Thursday, 24 October 2024

NPP Poised for Victory in Sri Lanka’s Parliamentary Election


NPP Poised for Victory in Sri Lanka’s Parliamentary Election

The opposition has not fully understood the public demand for change.
By Rathindra Kuruwita October 23, 2024 The Diplomat

Less than two months after Sri Lankans elected a new president, they are set to vote in parliamentary elections on November 14. President Anura Kumara Dissanayake’s National People’s Power (NPP) seems poised for victory.

The NPP’s rivals are warning voters against voting for the NPP, drawing attention to the risks of giving the coalition too much power. They are calling on voters to ensure a strong opposition.  For example, former President Ranil Wickremesinghe has urged voters to elect experienced politicians from other parties. He warned that the NPP could dismantle the economy.

Based on the presidential election result, some are predicting that the general election will throw up a hung parliament. Dissanayake secured 43 percent of the vote in the presidential election. If the NPP gets a similar percentage of votes in the parliamentary election, it could fall short of the 113 seats needed for a simple majority in the 225-member parliament.

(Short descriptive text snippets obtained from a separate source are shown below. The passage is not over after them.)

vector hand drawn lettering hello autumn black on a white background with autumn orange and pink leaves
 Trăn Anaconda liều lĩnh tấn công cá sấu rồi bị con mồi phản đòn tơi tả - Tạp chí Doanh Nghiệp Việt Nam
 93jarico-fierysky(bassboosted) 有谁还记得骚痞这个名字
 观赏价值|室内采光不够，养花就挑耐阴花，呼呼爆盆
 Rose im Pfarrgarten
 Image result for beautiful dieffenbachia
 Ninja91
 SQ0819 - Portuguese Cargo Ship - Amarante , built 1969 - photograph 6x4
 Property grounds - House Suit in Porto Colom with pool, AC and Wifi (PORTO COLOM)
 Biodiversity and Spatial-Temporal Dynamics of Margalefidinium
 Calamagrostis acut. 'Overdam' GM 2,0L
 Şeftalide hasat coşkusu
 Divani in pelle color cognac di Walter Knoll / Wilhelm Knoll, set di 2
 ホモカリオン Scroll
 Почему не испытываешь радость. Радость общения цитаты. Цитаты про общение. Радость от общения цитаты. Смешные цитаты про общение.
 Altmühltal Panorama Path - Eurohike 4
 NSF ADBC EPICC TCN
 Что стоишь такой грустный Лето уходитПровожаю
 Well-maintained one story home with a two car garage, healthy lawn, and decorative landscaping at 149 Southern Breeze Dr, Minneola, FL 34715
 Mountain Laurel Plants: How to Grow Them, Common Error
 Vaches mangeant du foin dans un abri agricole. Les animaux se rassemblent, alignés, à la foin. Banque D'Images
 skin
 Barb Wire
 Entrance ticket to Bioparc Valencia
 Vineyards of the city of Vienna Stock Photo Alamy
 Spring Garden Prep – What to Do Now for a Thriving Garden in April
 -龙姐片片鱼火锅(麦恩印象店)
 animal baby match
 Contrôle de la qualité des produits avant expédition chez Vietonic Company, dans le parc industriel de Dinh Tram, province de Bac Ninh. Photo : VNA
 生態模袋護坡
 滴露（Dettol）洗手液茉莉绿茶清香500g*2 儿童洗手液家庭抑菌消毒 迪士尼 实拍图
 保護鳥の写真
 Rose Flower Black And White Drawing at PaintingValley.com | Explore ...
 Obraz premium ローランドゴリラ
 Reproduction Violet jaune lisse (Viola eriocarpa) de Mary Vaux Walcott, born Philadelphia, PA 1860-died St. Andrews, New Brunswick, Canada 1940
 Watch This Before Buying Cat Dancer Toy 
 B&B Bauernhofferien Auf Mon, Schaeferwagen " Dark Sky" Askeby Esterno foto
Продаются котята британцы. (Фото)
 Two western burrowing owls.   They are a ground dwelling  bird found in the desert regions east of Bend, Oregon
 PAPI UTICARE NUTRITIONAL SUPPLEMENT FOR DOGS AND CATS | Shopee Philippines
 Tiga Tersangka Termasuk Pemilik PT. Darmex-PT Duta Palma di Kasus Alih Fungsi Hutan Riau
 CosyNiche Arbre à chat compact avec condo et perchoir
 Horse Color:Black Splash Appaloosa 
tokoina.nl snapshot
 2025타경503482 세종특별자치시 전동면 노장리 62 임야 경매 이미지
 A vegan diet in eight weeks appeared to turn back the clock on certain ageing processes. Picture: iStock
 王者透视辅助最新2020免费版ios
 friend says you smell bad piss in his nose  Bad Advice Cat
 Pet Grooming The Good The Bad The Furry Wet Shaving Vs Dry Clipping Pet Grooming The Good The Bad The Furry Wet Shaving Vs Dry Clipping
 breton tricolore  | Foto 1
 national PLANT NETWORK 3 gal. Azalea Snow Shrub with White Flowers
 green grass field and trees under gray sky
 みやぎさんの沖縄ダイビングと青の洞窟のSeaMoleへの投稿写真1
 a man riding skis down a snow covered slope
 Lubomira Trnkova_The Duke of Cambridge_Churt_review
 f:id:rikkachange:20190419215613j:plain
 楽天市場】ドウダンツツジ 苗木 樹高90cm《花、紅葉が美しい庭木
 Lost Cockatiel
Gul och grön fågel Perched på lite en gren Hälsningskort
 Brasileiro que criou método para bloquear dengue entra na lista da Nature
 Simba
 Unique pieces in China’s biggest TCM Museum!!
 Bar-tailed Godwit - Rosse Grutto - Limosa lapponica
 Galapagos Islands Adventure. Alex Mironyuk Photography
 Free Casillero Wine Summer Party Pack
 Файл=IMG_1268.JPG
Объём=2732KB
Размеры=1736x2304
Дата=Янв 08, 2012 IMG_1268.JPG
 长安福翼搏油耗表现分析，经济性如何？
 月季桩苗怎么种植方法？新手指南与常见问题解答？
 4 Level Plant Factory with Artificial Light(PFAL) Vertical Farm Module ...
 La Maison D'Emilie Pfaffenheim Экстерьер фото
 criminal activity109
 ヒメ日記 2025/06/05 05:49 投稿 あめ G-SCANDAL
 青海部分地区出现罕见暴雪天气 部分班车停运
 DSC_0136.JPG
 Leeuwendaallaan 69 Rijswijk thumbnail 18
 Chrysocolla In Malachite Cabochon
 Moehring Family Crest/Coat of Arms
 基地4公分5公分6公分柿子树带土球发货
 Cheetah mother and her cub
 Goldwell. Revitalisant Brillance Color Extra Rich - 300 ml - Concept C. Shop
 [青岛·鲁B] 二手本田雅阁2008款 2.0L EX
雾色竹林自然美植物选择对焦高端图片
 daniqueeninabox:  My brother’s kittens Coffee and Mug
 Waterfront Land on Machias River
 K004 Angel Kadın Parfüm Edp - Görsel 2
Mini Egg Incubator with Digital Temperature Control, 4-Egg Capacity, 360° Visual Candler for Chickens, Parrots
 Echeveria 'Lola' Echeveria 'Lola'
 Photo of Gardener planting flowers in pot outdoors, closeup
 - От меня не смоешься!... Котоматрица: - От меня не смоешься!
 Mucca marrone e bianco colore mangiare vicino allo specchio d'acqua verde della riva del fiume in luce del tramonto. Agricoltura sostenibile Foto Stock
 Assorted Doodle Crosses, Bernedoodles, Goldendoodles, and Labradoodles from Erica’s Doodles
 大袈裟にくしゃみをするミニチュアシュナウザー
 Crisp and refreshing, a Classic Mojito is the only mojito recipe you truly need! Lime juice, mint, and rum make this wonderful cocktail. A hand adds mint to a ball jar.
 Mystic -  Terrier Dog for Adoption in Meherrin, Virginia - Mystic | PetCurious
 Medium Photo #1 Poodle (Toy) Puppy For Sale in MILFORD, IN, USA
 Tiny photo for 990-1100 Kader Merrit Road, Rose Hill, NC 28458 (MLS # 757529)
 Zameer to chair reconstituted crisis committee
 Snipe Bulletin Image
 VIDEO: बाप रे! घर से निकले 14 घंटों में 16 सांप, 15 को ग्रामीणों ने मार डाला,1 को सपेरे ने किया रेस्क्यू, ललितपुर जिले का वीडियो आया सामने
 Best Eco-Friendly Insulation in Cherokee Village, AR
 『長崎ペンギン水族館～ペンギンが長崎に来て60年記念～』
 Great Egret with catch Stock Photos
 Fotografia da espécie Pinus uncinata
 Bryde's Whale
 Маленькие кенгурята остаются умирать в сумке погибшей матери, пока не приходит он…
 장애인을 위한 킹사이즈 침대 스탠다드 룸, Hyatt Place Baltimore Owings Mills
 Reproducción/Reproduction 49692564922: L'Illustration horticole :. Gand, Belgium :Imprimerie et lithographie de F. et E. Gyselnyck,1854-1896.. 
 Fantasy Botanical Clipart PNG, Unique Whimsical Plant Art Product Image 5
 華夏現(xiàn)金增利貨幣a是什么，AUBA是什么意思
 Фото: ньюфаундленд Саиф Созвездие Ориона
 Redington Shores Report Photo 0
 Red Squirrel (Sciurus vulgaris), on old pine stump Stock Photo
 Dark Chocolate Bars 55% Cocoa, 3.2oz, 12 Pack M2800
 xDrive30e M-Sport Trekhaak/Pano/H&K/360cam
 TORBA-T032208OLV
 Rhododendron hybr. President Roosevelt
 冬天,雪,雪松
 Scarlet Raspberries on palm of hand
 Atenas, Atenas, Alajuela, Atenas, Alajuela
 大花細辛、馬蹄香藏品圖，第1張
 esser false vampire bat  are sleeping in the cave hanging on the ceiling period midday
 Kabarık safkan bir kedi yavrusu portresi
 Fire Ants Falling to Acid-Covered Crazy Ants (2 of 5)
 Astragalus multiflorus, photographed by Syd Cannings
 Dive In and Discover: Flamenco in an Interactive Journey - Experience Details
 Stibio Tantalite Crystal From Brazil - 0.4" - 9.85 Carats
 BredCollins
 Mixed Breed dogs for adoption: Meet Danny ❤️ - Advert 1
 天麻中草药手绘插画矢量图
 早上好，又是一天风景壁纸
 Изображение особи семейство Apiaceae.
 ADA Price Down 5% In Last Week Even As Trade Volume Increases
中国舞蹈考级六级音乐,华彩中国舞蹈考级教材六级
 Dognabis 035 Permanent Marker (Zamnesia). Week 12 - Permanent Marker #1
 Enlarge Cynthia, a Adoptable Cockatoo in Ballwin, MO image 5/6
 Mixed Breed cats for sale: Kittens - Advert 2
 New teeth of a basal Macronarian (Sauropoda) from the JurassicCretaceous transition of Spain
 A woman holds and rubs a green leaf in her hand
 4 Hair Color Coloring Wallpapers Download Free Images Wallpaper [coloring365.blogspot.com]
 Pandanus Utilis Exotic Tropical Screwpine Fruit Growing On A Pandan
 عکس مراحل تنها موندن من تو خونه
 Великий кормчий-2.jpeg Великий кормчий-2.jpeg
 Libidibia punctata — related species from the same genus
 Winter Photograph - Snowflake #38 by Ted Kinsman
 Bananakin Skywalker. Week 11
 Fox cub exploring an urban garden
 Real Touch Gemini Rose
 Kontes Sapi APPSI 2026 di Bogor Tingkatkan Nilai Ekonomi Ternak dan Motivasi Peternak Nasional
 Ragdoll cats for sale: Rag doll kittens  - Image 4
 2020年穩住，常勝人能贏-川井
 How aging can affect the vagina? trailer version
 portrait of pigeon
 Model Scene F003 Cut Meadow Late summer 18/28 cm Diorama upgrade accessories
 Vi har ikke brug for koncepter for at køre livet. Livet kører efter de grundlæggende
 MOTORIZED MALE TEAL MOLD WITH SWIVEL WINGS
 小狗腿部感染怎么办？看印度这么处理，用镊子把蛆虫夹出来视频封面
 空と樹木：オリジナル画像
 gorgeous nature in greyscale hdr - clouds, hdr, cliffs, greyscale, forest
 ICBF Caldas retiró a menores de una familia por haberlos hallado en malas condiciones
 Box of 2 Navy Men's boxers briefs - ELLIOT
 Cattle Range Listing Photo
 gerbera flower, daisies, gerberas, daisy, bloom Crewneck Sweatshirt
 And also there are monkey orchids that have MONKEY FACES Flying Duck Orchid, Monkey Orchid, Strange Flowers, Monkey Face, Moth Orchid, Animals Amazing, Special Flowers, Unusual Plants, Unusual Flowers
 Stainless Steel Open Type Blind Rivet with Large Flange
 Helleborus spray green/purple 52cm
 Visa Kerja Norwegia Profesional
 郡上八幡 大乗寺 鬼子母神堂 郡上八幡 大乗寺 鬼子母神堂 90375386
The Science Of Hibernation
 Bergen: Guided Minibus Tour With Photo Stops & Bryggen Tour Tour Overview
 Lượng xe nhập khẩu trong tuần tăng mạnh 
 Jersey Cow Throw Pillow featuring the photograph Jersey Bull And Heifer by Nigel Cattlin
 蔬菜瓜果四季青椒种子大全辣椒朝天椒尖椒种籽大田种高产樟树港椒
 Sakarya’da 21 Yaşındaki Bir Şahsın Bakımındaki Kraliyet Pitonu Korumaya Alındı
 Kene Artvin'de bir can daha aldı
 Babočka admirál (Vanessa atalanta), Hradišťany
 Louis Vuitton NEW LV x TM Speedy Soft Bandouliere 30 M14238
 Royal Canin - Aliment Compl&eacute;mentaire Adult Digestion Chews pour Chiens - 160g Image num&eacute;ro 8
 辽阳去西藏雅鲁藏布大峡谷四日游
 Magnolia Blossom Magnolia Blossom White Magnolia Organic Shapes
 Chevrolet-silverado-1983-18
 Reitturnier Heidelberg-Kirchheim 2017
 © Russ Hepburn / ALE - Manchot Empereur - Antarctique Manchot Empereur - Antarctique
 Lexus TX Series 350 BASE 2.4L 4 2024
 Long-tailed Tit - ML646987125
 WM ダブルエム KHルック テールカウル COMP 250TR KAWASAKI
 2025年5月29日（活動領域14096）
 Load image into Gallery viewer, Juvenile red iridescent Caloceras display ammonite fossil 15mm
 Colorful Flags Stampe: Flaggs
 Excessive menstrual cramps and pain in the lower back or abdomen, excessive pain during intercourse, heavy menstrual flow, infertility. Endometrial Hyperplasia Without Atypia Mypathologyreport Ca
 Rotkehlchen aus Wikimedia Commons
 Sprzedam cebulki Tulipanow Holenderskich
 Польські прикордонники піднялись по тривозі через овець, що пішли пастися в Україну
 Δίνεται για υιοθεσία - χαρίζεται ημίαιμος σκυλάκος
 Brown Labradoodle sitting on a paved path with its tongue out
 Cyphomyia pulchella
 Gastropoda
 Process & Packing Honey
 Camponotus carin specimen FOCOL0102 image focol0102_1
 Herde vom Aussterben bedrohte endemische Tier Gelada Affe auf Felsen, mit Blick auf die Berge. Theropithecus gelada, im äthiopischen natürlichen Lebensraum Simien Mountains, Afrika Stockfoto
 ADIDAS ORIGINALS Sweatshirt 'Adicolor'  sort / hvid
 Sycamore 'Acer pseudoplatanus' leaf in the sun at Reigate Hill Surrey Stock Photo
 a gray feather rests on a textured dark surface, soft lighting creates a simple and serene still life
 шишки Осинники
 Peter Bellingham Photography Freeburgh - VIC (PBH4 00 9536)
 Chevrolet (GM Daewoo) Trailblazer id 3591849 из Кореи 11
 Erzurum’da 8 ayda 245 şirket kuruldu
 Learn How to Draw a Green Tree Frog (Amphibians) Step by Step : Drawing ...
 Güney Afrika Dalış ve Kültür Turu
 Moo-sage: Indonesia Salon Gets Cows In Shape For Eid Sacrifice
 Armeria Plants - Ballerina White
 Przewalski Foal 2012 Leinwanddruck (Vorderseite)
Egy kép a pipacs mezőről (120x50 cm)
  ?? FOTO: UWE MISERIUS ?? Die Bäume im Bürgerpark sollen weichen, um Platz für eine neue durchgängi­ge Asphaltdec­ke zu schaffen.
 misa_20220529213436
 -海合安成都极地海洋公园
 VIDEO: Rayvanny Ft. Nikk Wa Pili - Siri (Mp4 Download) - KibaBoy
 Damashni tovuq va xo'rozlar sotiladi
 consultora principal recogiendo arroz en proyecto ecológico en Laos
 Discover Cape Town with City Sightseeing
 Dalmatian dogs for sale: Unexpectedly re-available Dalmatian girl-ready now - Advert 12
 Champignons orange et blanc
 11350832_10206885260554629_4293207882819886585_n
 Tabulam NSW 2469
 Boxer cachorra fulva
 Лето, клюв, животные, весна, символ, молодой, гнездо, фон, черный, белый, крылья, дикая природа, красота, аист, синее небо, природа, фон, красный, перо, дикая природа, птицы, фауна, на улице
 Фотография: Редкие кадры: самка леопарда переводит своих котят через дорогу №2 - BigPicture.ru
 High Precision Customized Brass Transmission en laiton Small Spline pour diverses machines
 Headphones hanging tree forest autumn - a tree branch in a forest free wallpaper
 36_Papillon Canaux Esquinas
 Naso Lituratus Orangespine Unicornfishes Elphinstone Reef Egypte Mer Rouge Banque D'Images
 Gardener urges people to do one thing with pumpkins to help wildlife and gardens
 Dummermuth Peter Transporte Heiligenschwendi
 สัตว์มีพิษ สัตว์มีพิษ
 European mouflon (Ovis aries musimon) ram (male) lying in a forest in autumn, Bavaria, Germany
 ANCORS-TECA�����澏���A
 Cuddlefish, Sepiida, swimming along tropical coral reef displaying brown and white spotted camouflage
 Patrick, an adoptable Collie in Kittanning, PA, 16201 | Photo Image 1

However, it seems almost certain that the NPP will secure more votes in the upcoming election than in the presidential election.

Several politicians and experts said that the presidential election was primarily about the economy.

But Dissanayake’s win was also a reflection of widespread anger toward the entrenched political establishment. Those prioritizing economic stability likely voted for Wickremesinghe or Sajith Premadasa, as both their parties, the United National Party (UNP) and the Samagi Jana Balawegaya (SJB), ran campaigns focused on fearmongering.

During the campaign, fake videos misrepresenting the words of NPP members and warning voters that the NPP would confiscate their bank deposits, land, and extra vehicles circulated on social media. There was also an organized effort to convince the public that Dissanayake would be rejected by the international community, without whose support Sri Lanka could not finalize debt restructuring or attract foreign direct investment. These tactics particularly influenced middle-aged and senior voters, who refrained from voting for the NPP due to these fears.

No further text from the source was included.